Ospek



Tradisi pengenalan Kampus—dalam tiap institusi pendidikan punya tradisinya sendiri. Ada yang cukup dengan berkeliling kampusnya yang megah. Adapula penuh dengan rentetan kegiatan—yang pada dasarnya, bagaimana seorang mahasiswa baru bangga dengan almamaternya.

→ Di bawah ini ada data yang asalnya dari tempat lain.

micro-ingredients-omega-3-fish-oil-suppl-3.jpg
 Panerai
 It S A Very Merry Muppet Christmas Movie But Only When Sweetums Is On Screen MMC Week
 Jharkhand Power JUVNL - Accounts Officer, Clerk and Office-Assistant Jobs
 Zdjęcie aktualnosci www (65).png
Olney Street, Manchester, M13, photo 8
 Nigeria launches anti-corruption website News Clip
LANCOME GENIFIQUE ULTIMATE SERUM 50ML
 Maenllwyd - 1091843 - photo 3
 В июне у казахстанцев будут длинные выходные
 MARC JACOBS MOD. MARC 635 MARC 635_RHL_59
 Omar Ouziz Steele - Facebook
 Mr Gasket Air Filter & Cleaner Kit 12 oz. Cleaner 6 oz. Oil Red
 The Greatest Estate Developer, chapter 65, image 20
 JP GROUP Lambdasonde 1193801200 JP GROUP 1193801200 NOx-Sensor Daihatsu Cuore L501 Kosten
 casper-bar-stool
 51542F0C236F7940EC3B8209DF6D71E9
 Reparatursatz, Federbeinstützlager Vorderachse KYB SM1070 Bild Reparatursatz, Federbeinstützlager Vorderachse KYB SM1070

Barangkali, tidak sedikit diantara kita yang mengelus dada—manakala, ada sebagian acara pengenalan kampus justru menjadi perpeloncoan yang memakan korban tewas. Atau bahkan kasus terbaru yang dipandang sebagai penistaan terhadap agama—hanya karena menyelipkan tulisan “TUHAN MEMBUSUK”. Maka, silang pendapat pun tidak bisa dielakkan. Bagi mereka yang yang tidak terima dipandang penistaan, bagi yang menulis sebagai bagian dari rekonstruksi.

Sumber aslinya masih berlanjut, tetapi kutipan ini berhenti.